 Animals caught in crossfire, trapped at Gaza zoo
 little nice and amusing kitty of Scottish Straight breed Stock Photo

###

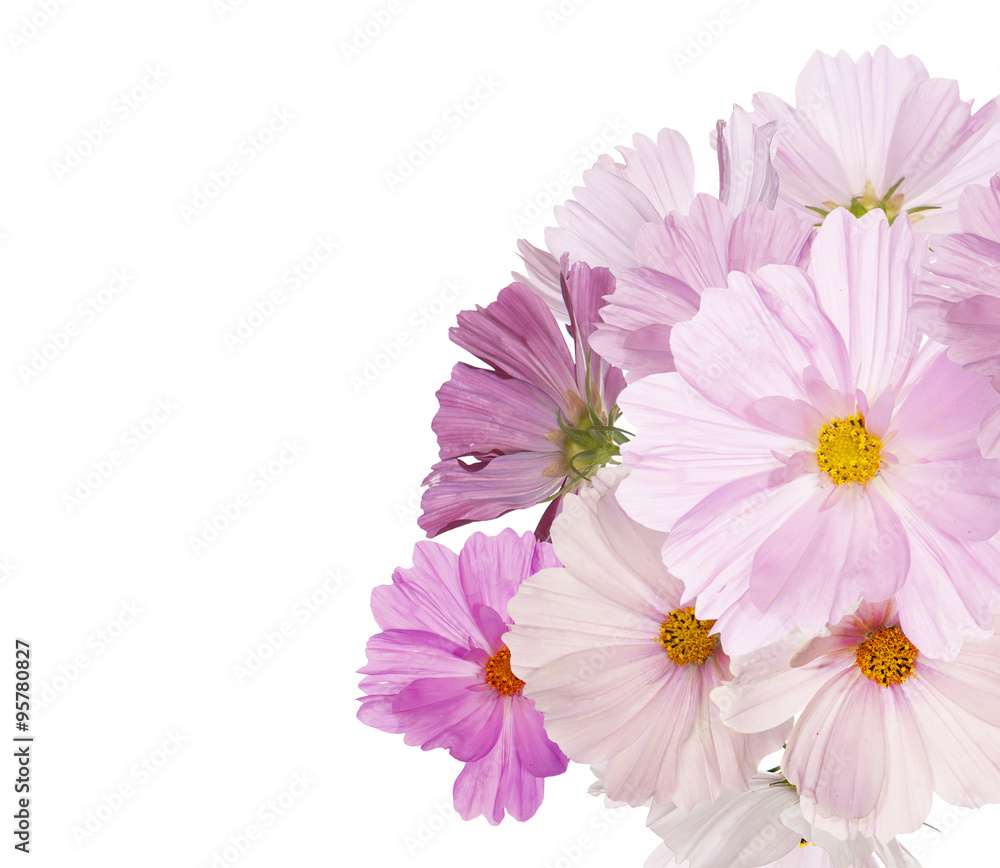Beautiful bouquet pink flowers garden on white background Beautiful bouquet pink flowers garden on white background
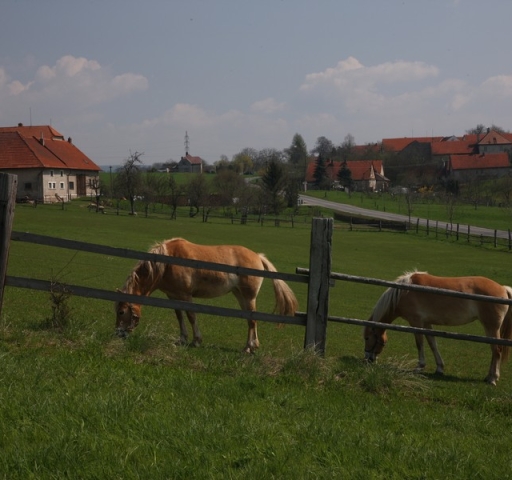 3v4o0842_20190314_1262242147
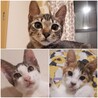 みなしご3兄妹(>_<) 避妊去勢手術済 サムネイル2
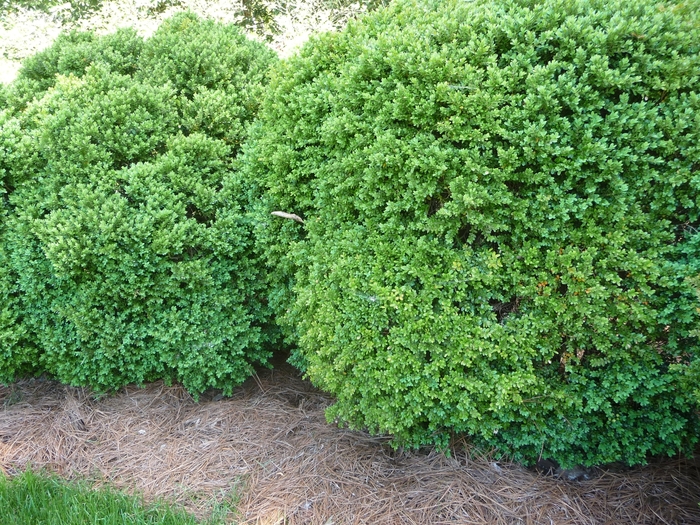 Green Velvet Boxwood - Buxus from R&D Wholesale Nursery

###

* _TRY IT_:
Although pictures appear among the records above, write out exactly only the lines from the one that has "white background Beautiful" through the one that has "Green Velvet Boxwood", and leave the pictures out.

* _FINISHED EXERCISE_:
Beautiful bouquet pink flowers garden on white background Beautiful bouquet pink flowers garden on white background
 3v4o0842_20190314_1262242147
 みなしご3兄妹(>_<) 避妊去勢手術済 サムネイル2
 Green Velvet Boxwood - Buxus from R&D Wholesale Nursery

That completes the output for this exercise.